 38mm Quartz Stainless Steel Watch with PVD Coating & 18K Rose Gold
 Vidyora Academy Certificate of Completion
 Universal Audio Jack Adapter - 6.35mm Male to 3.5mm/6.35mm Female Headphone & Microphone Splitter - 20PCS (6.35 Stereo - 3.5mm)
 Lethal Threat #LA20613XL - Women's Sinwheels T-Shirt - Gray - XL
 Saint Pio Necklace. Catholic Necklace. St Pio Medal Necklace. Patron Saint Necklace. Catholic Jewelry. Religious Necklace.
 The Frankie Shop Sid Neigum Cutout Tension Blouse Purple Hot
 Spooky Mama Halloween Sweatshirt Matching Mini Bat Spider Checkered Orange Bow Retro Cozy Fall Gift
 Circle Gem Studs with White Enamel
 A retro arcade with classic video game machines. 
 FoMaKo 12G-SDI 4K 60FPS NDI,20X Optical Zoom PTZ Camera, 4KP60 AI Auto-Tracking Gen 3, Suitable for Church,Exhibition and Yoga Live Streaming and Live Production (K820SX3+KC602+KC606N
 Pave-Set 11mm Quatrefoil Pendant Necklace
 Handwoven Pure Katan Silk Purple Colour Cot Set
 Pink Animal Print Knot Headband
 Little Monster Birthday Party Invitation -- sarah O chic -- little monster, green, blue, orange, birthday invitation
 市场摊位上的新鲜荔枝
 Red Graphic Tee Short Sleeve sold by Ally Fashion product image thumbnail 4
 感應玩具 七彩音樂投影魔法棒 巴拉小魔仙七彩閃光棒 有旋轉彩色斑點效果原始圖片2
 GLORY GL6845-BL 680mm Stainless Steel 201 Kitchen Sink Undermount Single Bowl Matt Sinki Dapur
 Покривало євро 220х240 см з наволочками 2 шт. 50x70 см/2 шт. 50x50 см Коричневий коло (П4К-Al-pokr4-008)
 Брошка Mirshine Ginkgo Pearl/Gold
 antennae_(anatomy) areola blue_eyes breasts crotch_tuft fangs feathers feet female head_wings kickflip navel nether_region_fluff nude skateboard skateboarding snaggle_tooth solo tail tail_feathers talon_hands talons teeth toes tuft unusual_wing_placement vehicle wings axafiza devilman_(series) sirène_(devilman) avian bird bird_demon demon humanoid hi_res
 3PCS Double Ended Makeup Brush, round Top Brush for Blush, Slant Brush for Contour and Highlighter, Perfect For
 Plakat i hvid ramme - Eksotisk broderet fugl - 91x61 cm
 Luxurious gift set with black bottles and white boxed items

☆ ☆ ☆

**Exercise**:
When a line of the material holds the string "Necklace", copy that line.

**Task output**:
 Saint Pio Necklace. Catholic Necklace. St Pio Medal Necklace. Patron Saint Necklace. Catholic Jewelry. Religious Necklace.
 Pave-Set 11mm Quatrefoil Pendant Necklace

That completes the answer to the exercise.